━━━ Information given ━━━

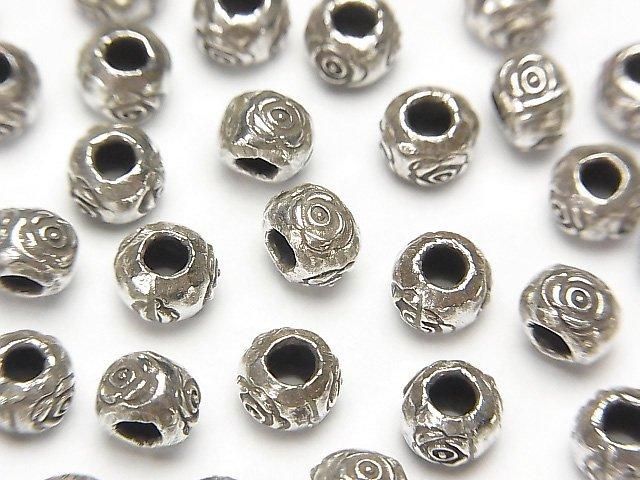 Karen Silver Flower Pattern Rondelle 5x5x3.5mm 5pcs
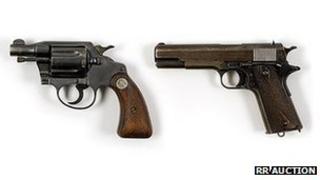 Bonnie Parker .38 Colt Detective Special revolver (L) and Clyde Barrow 1911 Army Colt .45 pistol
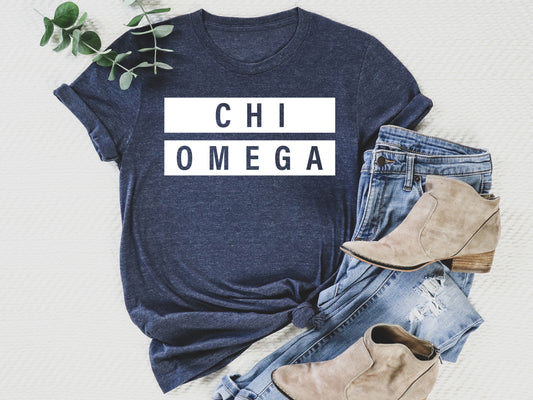 Chi Omega Faded White Box Sorority T-shirt _ 3342g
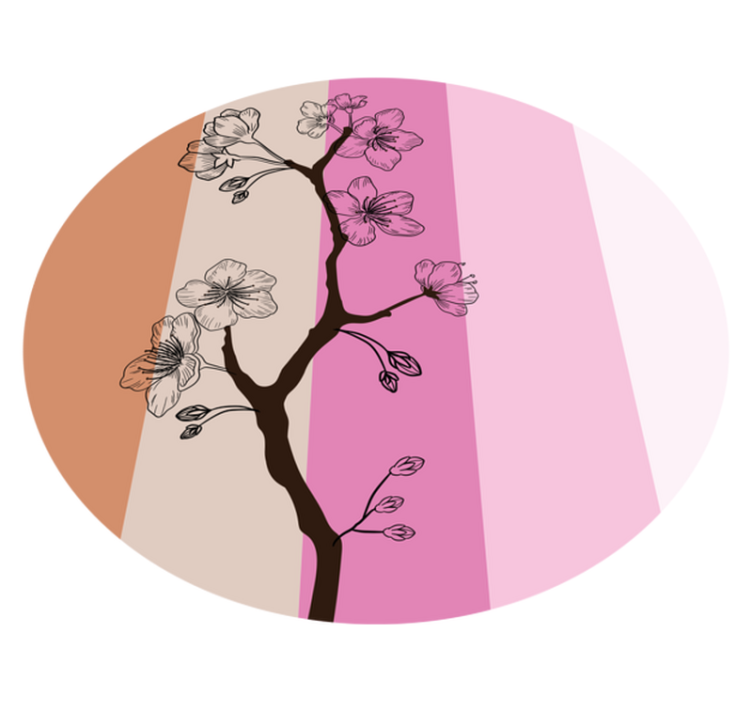 Kwiatowy dywan w paski z kwiatami wiśni cherry - TenStickers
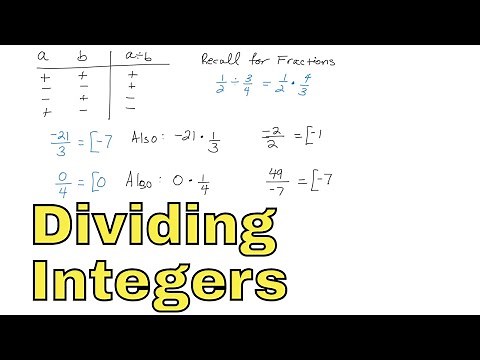 20 - Dividing Integers, Part 1 (Learn to Divide Negative & Positive Numbers)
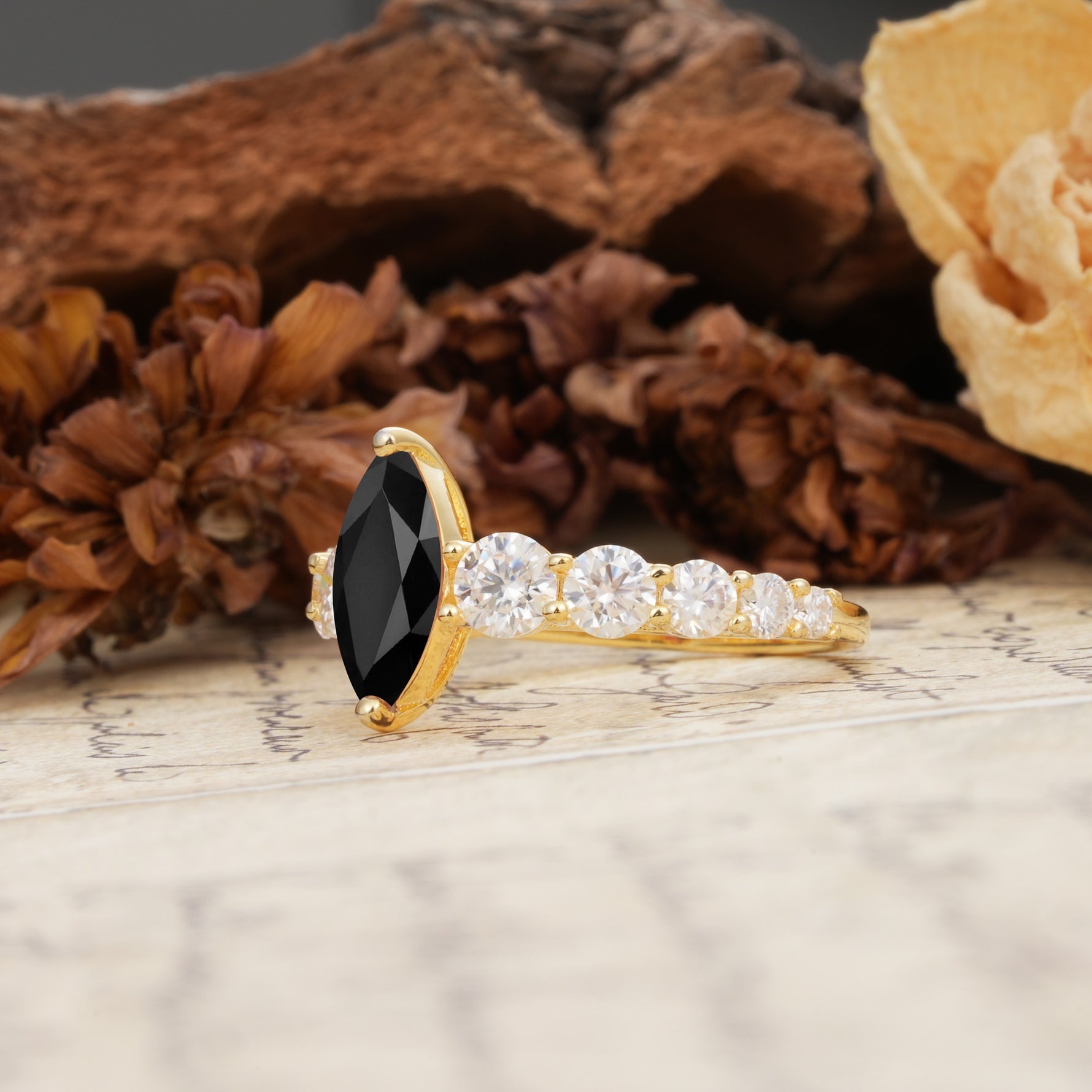 Luxurious Vintage-Style Pavé 2-Prong Marquise-Cut Black Onyx Engagement Ring - Additional view
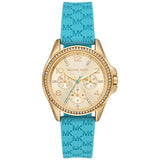 Michael Kors Mini Pilot Quartz Gold Dial Blue Silicone Strap Watch For Women - MK7374 Authentic Buy Shop Now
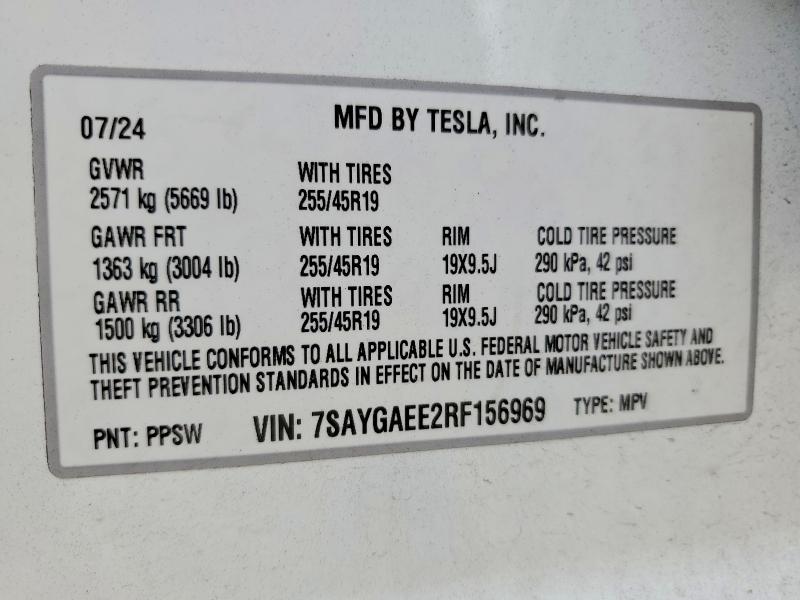 Aukcja sprzedaży 2024 Tesla Model Y, vin: 7SAYGAEE2RF156969, numer aukcji: 99652605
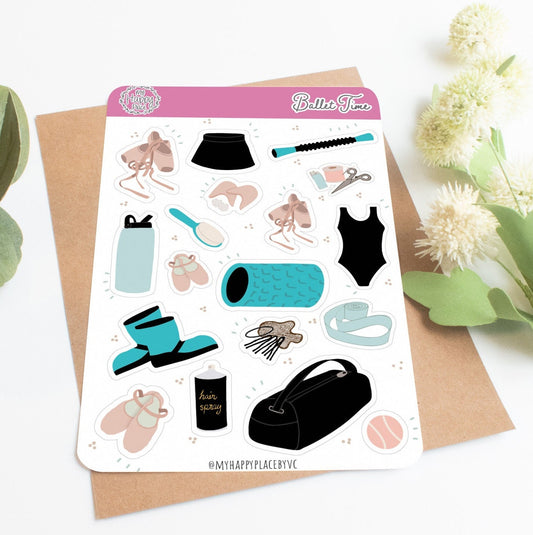 Ballet Sticker Sheet. Planner Stickers for Bullet Journals, Calendars, and Scrapbooking. College Planner Stickers || HO909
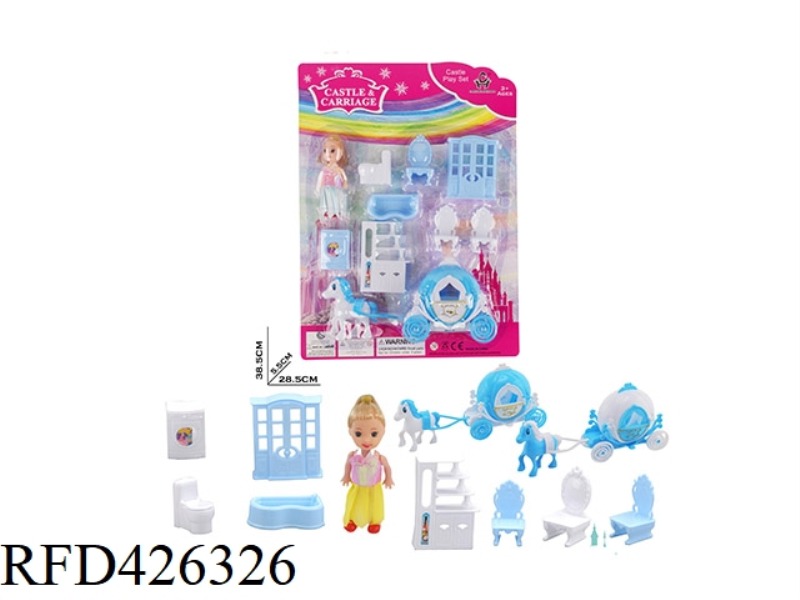 BLUE PUMPKIN CARRIAGE BARBIE FURNITURE SET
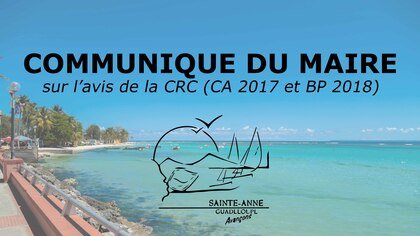 COMMUNIQUÉ DU MAIRE DE SAINTE-ANNE 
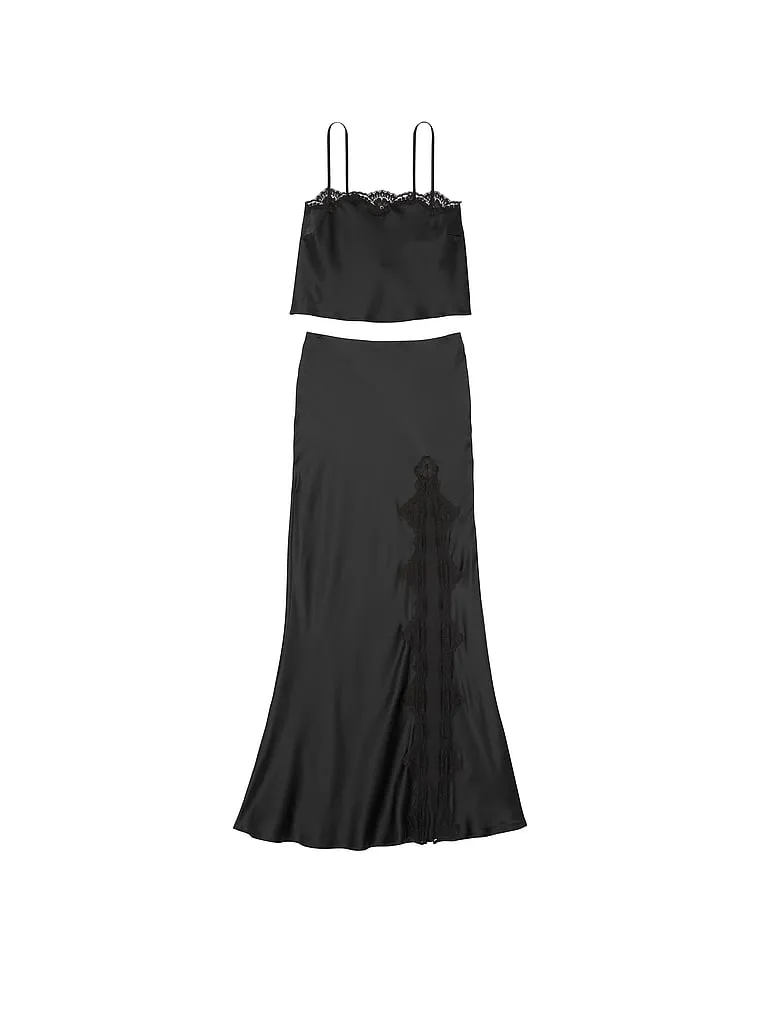 Victoria's Secret Satin Lace-Trim Cropped Top & Slip Skirt Set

━━━

— What you are asked to do —
Out of the records above, please copy exactly the lines from the line with "Kwiatowy dywan w" up to and including the line with "Aukcja sprzedaży 2024", minus the pictures.

— Solution to this exercise —
 Kwiatowy dywan w paski z kwiatami wiśni cherry - TenStickers
 20 - Dividing Integers, Part 1 (Learn to Divide Negative & Positive Numbers)
 Luxurious Vintage-Style Pavé 2-Prong Marquise-Cut Black Onyx Engagement Ring - Additional view
 Michael Kors Mini Pilot Quartz Gold Dial Blue Silicone Strap Watch For Women - MK7374 Authentic Buy Shop Now
 Aukcja sprzedaży 2024 Tesla Model Y, vin: 7SAYGAEE2RF156969, numer aukcji: 99652605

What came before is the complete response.